Ainsi, contrairement à certaines idées reçues, les chiens qui pratiquent le mordant sportif, tel qu’encadré par la loi française, ne sont mis en cause dans aucun accident. Cet état de fait s’explique par le conditionnement ludique de la prise, la sociabilité et la stabilité des chiens qui pratiquent ces disciplines. Interdire la pratique du mordant sportif serait donc délétère pour la sélection des races concernées, et en aucun cas efficace pour lutter contre les agressions canines.

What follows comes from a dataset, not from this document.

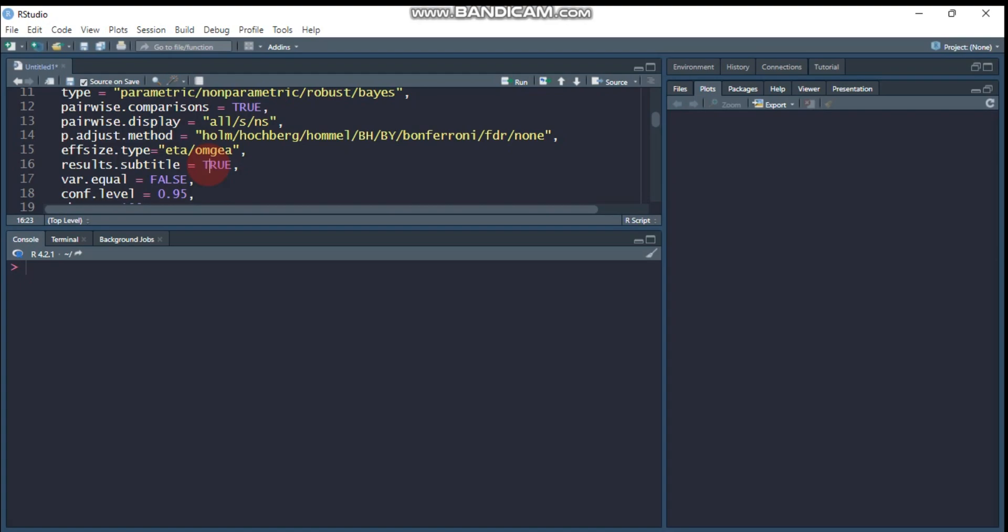Then var.equal to false means if you are not assuming that the homogeneity of variance among the treatment groups. var.equal means homogeneity of variance, or when you assume there is equal variance, you can use true. And again, when you assume after testing, there are several techniques to check whether the treatments are homogeneous or heterogeneous. So you can say true or false.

Il existe d’autres pistes à explorer, bien plus pertinentes dans cet objectif, à commencer par l’application complète de la loi déjà existante au sujet des morsures, et la création, enfin !, de l’observatoire des morsures prévu dès 2008 et qui n’a jamais vu le jour.
1. Voir La Semaine vétérinaire, n° 1861 du 3 juillet 2020, p. 24-25.
3. Arrêté du 26 octobre 2001 relatif à l’exercice de l’activité de dressage des chiens au mordant et aux modalités de demande et de délivrance du certificat de capacité s’y rapportant.
4. Internationale Gebrauchshunde Prüfungsordnung : Règlement international de chiens d’utilité, anciennement RCI pour Règlement de concours international.